10 lively walking clubs to help you tour L.A. by foot — and make friends while doing it
Walking is considered one of the healthiest ways to exercise, but let’s be honest: Unless you have a dog dragging you to the door or a friend pulling your arm, it’s easy to find reasons to stay on the couch. Especially in a place like L.A., where cars typically take us from point A to point B.
L.A. really is a walking city.
Explore our ground-level guide to the people and places keeping our sidewalks alive.
These 10 walking clubs won’t help you get a dog, but they can give you a compelling reason to get up and out. They’re as much about exercise as they are about socializing and exploring.

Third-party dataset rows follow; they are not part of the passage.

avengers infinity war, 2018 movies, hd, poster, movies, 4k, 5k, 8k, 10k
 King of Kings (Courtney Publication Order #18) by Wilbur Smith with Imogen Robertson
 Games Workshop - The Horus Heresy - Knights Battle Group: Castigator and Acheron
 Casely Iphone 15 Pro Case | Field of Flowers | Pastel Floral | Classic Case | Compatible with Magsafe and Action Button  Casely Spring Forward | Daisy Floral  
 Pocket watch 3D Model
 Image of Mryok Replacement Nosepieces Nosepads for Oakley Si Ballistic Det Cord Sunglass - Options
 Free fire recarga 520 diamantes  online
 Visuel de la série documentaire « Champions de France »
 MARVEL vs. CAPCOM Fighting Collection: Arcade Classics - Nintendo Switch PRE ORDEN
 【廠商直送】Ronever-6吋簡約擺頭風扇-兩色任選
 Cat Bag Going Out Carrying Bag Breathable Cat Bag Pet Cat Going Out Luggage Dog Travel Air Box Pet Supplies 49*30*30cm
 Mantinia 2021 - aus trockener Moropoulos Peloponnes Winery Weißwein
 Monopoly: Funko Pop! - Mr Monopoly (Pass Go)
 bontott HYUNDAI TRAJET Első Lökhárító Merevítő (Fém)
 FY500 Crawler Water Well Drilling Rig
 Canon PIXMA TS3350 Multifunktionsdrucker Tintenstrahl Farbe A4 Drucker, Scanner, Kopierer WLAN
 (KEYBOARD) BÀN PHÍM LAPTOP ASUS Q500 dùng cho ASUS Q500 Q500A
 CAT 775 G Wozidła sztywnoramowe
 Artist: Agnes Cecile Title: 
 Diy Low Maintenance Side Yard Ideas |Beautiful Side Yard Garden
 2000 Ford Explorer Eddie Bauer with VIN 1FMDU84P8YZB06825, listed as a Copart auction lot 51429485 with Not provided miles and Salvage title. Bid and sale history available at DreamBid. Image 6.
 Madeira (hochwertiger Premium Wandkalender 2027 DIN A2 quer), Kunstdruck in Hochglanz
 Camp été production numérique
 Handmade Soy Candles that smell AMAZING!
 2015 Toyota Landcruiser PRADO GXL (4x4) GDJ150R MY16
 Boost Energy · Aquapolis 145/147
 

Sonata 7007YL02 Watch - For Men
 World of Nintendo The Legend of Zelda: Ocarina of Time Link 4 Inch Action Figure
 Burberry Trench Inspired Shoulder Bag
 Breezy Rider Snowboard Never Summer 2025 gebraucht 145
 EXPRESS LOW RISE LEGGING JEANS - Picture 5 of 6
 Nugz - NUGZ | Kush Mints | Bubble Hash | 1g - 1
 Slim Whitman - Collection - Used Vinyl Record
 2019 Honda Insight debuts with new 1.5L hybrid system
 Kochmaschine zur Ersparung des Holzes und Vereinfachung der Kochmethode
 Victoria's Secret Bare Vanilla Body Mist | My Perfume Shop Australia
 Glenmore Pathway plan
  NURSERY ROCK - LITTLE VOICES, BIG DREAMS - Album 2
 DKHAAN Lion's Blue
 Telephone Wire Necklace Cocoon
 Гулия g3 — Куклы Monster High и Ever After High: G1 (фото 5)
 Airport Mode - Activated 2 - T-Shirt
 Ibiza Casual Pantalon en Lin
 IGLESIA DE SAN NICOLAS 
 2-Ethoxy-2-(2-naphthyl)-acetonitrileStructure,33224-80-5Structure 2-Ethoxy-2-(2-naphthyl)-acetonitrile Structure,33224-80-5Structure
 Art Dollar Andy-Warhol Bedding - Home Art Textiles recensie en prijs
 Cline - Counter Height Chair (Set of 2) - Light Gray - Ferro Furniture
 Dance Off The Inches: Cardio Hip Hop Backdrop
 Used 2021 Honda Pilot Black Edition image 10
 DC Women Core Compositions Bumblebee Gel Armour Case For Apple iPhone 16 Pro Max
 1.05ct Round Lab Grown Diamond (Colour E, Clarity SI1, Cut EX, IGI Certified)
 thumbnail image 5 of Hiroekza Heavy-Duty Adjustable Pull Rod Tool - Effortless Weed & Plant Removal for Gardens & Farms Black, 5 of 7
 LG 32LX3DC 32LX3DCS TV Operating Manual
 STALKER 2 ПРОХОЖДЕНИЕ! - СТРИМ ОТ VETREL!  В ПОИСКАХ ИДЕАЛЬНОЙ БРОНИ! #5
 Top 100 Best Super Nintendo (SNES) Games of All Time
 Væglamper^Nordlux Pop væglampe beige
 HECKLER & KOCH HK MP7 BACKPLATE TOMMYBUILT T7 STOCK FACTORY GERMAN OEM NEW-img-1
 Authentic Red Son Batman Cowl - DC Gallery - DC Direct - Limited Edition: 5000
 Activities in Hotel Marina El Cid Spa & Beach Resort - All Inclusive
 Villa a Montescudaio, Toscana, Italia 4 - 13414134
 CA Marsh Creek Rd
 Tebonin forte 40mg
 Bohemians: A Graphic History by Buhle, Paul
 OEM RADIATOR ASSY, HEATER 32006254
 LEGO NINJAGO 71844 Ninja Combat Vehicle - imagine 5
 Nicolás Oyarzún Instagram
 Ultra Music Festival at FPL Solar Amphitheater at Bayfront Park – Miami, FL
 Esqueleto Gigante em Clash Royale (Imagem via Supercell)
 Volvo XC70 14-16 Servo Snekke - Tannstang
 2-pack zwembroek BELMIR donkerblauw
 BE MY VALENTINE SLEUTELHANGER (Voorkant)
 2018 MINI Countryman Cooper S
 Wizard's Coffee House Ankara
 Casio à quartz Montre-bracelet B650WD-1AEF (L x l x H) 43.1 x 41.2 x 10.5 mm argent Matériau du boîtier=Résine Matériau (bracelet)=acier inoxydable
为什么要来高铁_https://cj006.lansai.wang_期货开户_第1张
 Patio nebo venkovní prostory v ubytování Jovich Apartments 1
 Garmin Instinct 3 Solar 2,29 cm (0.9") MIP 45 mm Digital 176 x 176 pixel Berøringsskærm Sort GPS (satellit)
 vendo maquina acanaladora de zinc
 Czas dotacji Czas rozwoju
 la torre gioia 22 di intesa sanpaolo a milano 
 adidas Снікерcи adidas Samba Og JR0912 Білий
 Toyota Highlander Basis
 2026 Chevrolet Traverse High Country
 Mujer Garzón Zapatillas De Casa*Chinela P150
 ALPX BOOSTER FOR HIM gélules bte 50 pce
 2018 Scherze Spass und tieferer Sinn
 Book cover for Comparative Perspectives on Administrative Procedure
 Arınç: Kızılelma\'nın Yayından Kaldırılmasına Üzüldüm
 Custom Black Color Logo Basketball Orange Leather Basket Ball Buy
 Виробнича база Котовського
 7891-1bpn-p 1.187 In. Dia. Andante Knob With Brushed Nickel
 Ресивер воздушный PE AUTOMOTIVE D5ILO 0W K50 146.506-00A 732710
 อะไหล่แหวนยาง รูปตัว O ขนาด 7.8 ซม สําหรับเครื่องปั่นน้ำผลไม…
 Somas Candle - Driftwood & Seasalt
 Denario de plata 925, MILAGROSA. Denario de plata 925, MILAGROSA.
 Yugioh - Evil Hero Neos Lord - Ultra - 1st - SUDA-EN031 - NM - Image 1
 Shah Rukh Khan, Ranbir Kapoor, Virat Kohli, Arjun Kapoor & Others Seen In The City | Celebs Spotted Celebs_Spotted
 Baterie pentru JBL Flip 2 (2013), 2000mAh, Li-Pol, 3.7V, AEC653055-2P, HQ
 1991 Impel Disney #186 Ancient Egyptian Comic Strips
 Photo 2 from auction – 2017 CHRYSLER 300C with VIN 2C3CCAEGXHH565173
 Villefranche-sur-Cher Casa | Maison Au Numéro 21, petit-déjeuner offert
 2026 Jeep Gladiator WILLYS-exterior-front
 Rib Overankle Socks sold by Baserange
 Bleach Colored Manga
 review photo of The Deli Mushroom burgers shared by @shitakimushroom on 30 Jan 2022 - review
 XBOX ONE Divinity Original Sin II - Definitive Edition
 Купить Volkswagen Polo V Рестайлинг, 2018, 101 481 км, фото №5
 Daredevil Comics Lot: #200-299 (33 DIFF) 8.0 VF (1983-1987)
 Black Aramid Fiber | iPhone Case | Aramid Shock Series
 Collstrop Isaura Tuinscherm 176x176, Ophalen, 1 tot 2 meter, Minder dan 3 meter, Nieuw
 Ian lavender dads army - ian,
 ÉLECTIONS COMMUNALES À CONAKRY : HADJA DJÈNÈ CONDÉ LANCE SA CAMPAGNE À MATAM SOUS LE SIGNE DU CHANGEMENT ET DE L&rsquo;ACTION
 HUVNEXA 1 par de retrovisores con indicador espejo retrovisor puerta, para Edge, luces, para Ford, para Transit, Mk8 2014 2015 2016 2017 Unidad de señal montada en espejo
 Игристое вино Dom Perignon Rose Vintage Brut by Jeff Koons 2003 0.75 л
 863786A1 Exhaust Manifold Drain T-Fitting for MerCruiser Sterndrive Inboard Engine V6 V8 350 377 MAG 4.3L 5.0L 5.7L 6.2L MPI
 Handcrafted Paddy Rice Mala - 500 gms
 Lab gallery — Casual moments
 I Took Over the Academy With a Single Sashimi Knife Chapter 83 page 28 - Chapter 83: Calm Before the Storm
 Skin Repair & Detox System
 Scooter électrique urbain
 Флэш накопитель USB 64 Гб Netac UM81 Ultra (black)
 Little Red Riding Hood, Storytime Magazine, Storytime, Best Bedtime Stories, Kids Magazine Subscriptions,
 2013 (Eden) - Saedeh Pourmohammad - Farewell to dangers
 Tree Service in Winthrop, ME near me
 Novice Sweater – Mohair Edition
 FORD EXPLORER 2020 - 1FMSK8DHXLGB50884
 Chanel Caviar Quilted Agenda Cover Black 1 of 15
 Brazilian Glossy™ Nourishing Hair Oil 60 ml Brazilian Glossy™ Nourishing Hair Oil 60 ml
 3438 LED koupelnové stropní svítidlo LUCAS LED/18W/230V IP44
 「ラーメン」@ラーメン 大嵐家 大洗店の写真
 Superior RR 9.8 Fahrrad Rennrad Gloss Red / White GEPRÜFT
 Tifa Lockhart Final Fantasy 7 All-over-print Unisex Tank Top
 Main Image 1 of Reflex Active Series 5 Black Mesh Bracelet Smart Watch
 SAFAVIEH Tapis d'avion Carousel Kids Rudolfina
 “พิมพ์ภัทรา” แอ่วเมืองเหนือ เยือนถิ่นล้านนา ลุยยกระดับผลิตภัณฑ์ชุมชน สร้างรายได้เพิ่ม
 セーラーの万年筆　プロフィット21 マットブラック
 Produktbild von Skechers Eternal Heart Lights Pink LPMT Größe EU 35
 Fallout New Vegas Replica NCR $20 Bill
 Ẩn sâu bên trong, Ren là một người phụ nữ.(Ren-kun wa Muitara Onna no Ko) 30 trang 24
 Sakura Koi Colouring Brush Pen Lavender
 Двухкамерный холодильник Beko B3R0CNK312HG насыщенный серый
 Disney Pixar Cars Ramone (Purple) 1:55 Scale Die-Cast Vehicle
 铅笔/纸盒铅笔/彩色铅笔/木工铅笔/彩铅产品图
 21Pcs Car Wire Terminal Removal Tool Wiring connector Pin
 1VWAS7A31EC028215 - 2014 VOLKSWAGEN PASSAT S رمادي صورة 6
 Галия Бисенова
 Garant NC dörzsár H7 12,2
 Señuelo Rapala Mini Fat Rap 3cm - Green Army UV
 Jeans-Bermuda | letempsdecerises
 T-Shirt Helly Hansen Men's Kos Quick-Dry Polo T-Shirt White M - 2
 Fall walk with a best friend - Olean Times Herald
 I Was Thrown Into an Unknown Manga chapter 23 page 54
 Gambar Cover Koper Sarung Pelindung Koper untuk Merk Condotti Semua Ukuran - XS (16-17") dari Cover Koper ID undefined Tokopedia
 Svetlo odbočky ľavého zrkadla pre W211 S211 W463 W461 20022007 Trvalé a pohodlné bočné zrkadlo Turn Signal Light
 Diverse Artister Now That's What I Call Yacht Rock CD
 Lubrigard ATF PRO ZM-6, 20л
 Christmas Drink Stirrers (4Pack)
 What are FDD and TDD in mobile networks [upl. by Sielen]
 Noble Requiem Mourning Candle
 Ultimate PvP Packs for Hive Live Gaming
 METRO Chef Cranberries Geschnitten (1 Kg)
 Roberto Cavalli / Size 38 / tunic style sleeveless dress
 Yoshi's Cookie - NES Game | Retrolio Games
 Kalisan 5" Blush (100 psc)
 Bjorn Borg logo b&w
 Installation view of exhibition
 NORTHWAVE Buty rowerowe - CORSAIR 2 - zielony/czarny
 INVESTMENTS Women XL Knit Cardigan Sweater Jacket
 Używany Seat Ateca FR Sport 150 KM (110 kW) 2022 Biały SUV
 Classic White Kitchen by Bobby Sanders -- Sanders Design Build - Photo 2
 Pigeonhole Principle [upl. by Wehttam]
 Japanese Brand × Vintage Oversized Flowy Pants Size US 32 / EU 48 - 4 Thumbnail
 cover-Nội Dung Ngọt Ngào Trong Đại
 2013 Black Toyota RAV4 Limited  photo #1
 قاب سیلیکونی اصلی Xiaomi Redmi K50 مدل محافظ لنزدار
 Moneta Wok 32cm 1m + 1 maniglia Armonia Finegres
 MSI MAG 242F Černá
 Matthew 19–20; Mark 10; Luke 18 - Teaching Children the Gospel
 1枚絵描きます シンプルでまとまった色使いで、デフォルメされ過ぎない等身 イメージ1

Here in L.A. there are groups for almost every interest and skill level, and almost all the clubs are free. Some, like the SoCal Stair Climbers, average a brisk 2.5 miles an hour as they explore L.A.’s myriad stair walks. Others, like the Slow Walkers Club, let the slowest participant set the pace, and sometimes help them finish a route. Achilles International Los Angeles provides guides to help people with disabilities get moving, while L.A. Leggers is focused on training walkers and runners for the L.A. Marathon.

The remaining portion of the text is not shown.